Wednesday, January 6, 2010
Reform and belt-tightening will collide when state lawmakers consider mental-health services in the 2010 legislative session. Gov. Haley Barbour has signaled his desire to close some state mental-health facilities, arguing that the state could save money and better serve the mentally ill by providing them with community- and home-based care. The governor's proposal has drawn criticism, however, for dangerously oversimplifying a major shift in the way the state treats mental health.
Receiving special attention are the state's seven mental-health crisis centers, six of which Barbour targeted for closure in his budget proposal. Barbour acknowledged the value of a decentralized, community-based approach to mental health in his Nov. 16 budget proposal, and he suggested that closing the six crisis centers was a step in that direction.
"Over the years, the State has relied heavily on institutional care for mentally ill individuals. Going forward, the state needs to commit fewer fiscal resources to institutional care and more fiscal resources to home- and community-based care," Barbour said in his Nov. 16 budget proposal. "Closing the facilities will put a greater reliance on home- and community-based services like those offered at the community mental health centers."
Closing six crisis centers would force counties to house mentally ill citizens in county jails, Holmes County Sheriff Willie March warned.
March is president of the Mississippi Sheriffs Association, which voiced its opposition to Barbour's proposal at a Dec. 31 press conference at the Capitol, when it called for cooperation between law enforcement and mental-health service providers to avoid criminalizing the mentally ill.
Created in 1999, the state's seven county-based crisis-intervention centers represent a shift toward community-based mental health services and away from large institutions. The 17-bed centers offer treatment to mentally ill individuals going through a psychiatric crisis, with the intention of stabilizing them so that they do not need to be admitted to the Mississippi State Hospital at Whitfield.
County sheriff's departments typically use the crisis centers when family members of a mentally ill person request police intervention. Without a crisis center available, county sheriff's departments will have no choice but to incarcerate the mentally ill, Jefferson County Sheriff Peter Walker said.

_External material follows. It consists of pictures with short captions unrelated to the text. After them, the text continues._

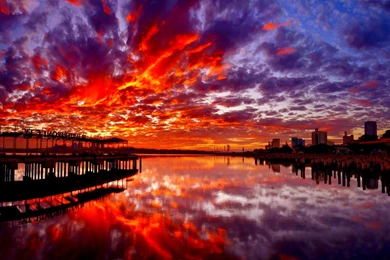 DRAMATIC SUNSET WALLPAPER   (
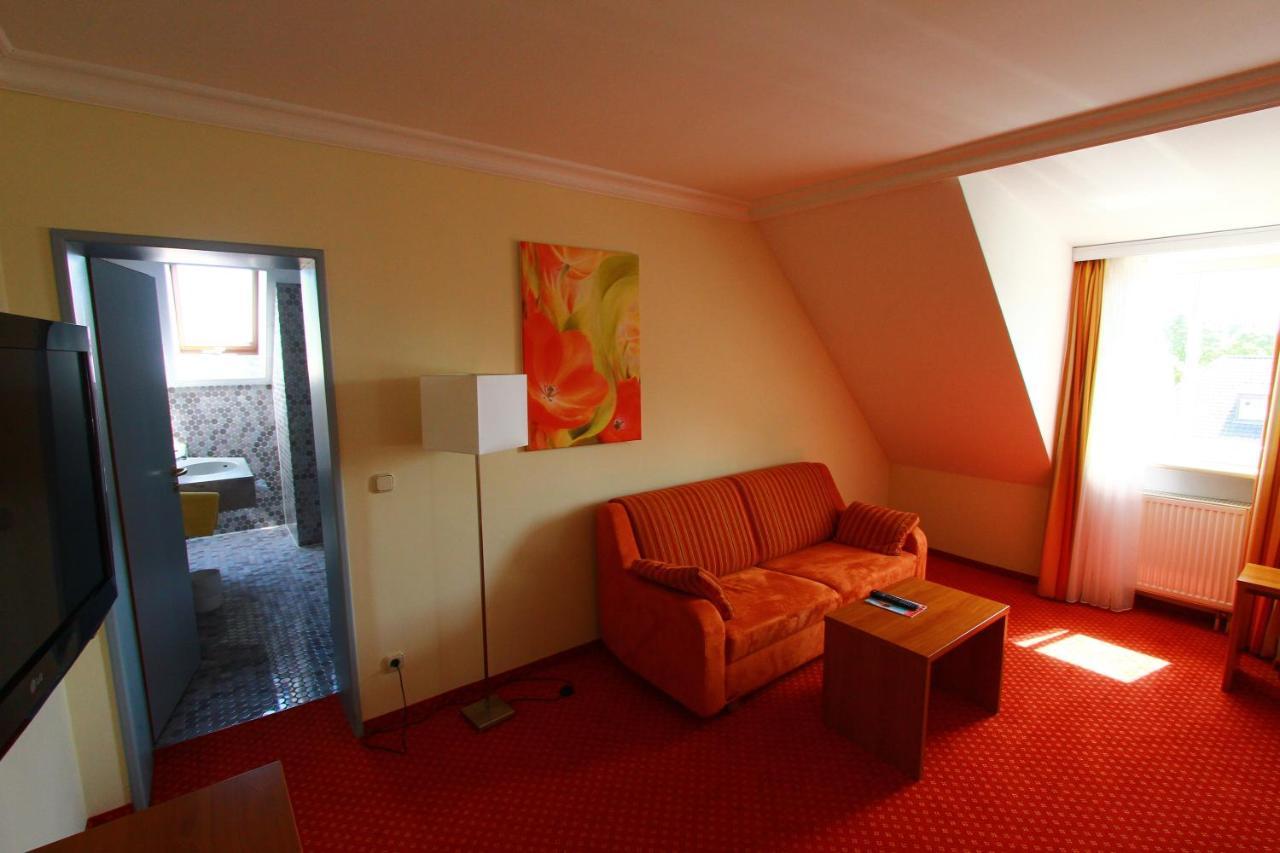 Abasto Hotel Eichenau エクステリア 写真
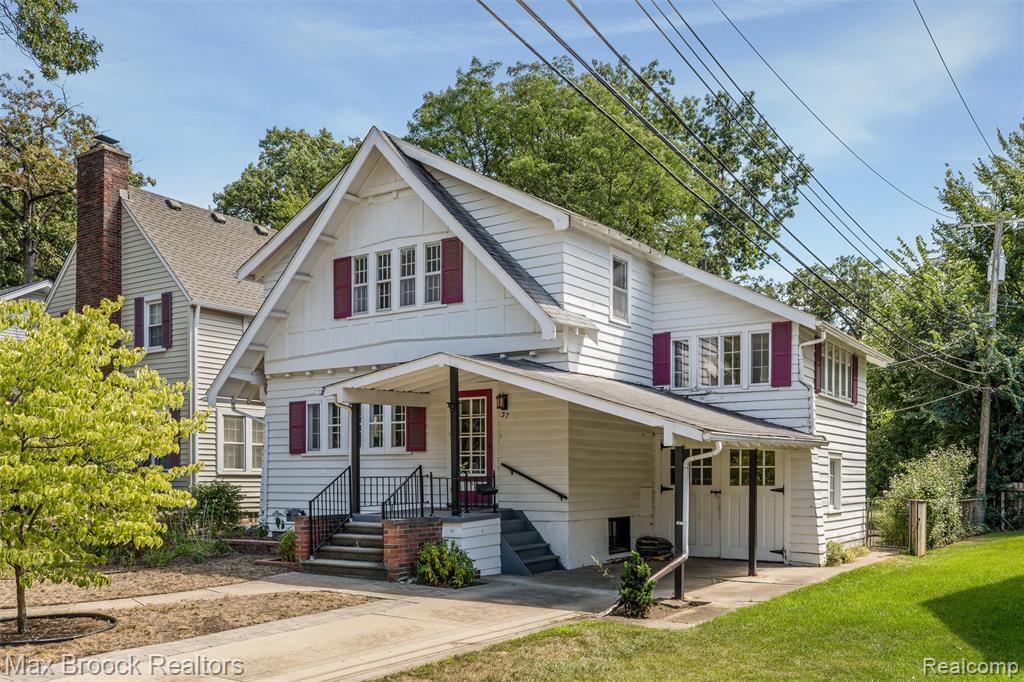 37 Hanover Road, Pleasant Ridge, MI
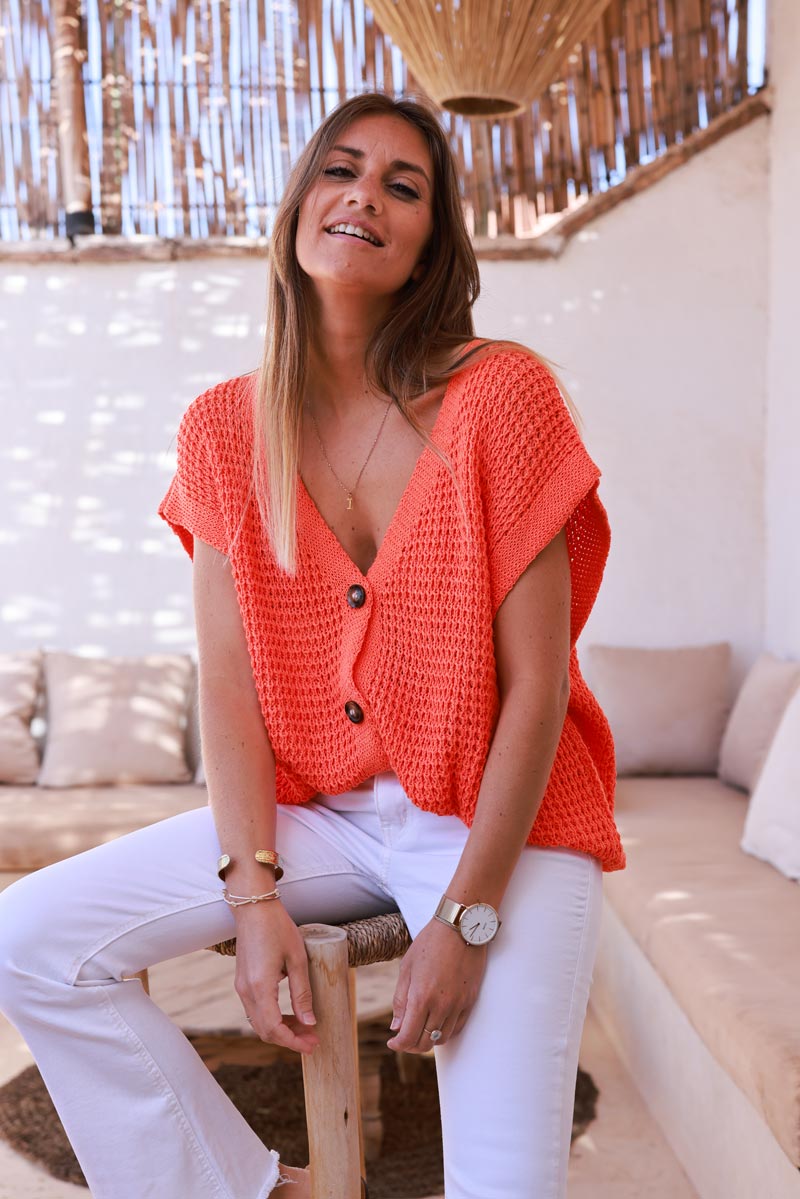Gilet sans manches maille orange effet crochet col V boutons écaille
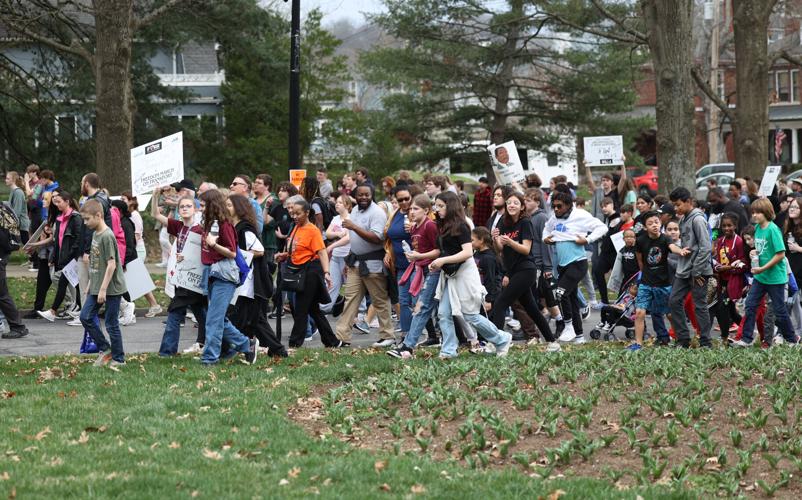 Students walk toward Capitol.JPG
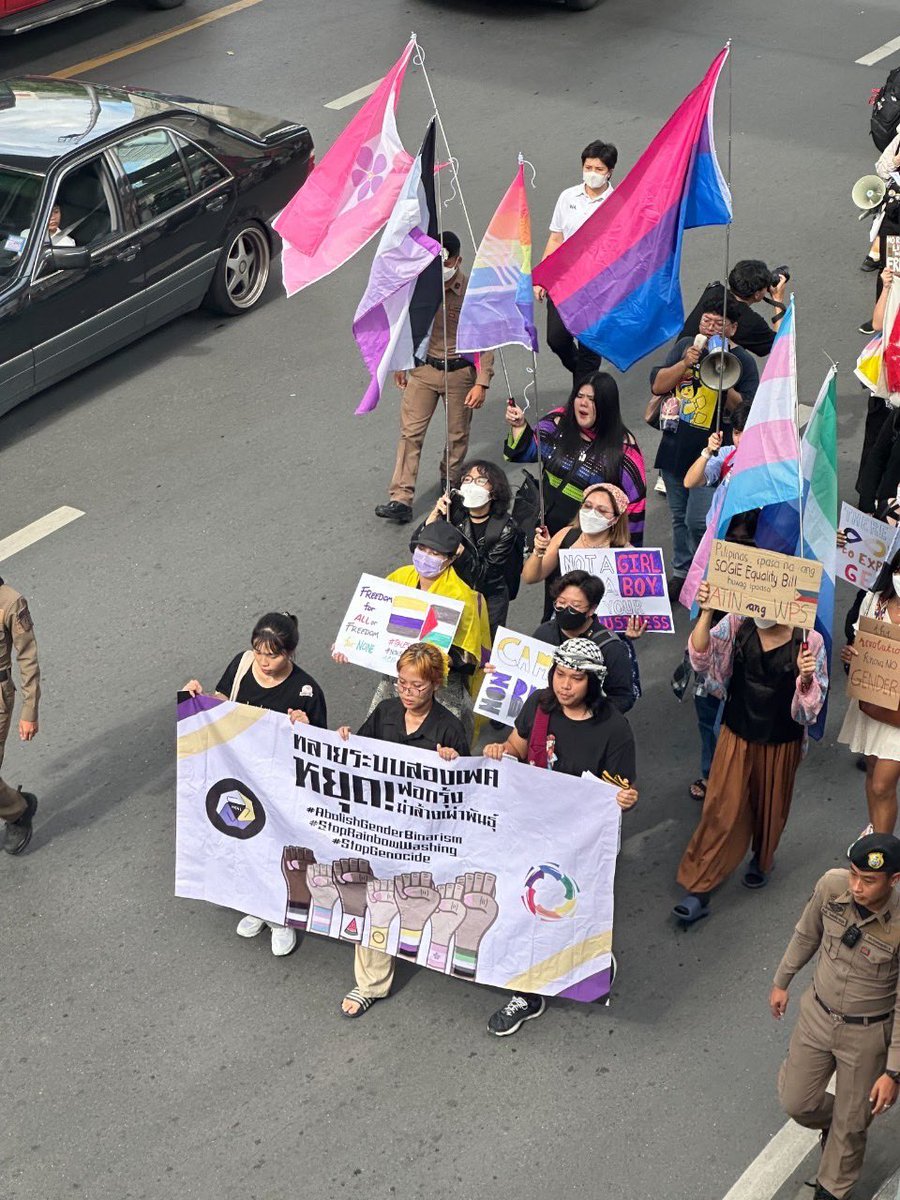 hcnlth's tweet photo. 📸 เก็บภาพ ความสำเร็จ ในงาน💛🤍 #NonbinaryRising 💜🖤ที่เป็นไปอย่างทรงพลัง และงดงาม
แต่งานการเรียกร้องความเท่าเทียมของ บุคคลนอนไบนารี เพศหลากหลาย และประเด็นสิทธิมนุษยชน ทั้งเหตุการณ์ในเมียนมาร์ ปาเลสไตน์และ สิทธิแรงงานทั่วโลก ยังคงต้องทำต่อไป ✊
ขอบคุณทุกท่านอีกครั้ง https://t.co/tVpHIew53N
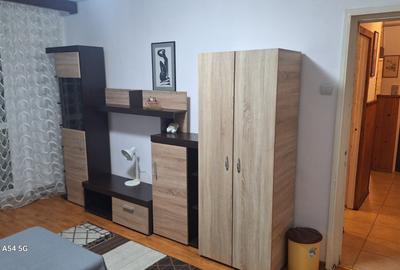 Apartament 3 camere de inchiriat - 1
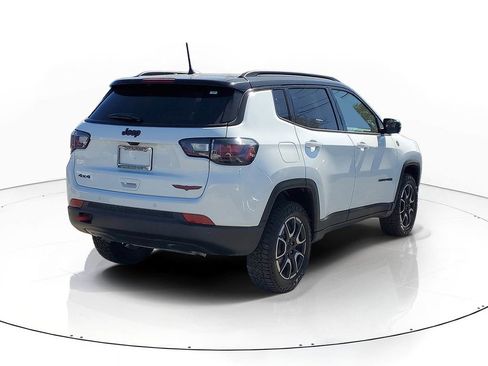 Used 2024 Jeep Compass Trailhawk w/ Trailhawk Elite Group AWD/4WD image 4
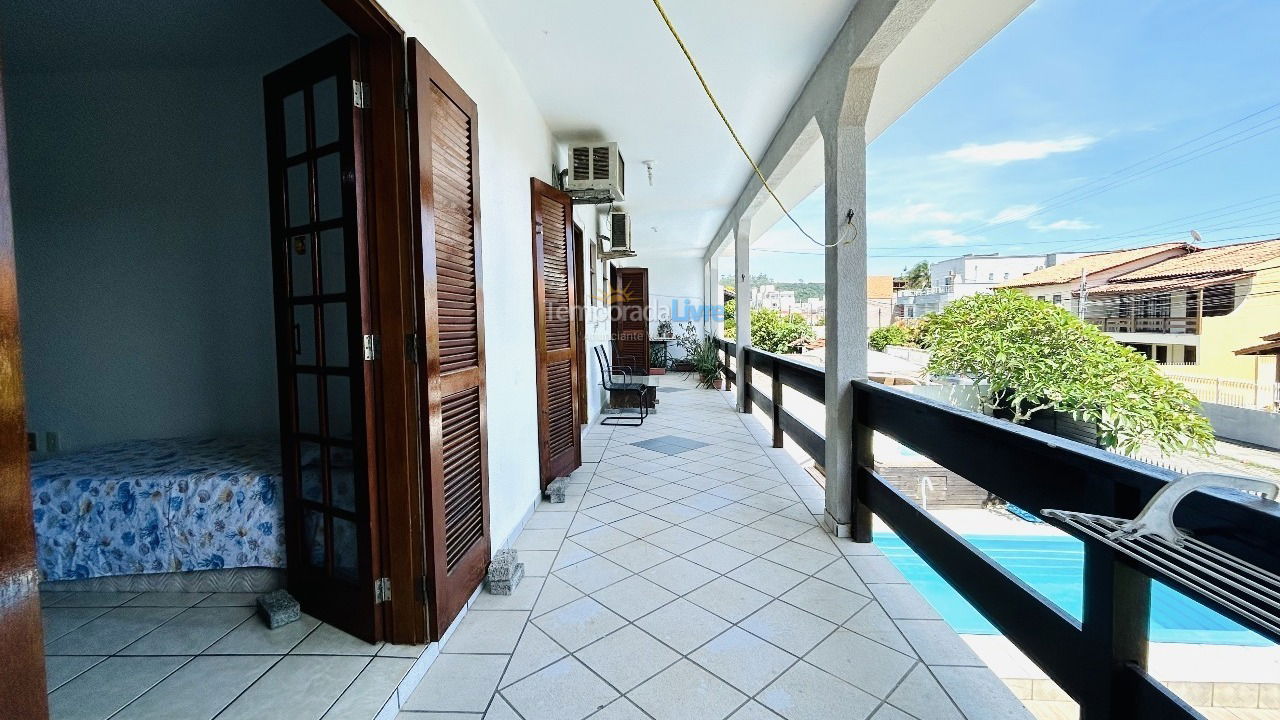 Casa para aluguel de temporada em Florianopolis (Praia dos Ingleses)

"Families don't want their (mentally ill) family members incarcerated," Walker said. "They need help; they need relief; but they don't want their familymembers incarcerated."
Jefferson County has used the Brook-haven crisis center for less than a year, not long enough to gauge its effectiveness, Walker said. Walker also acknowledged that many crisis centers have not been used as they were originally intended: to quickly stabilize patients without requiring commitment.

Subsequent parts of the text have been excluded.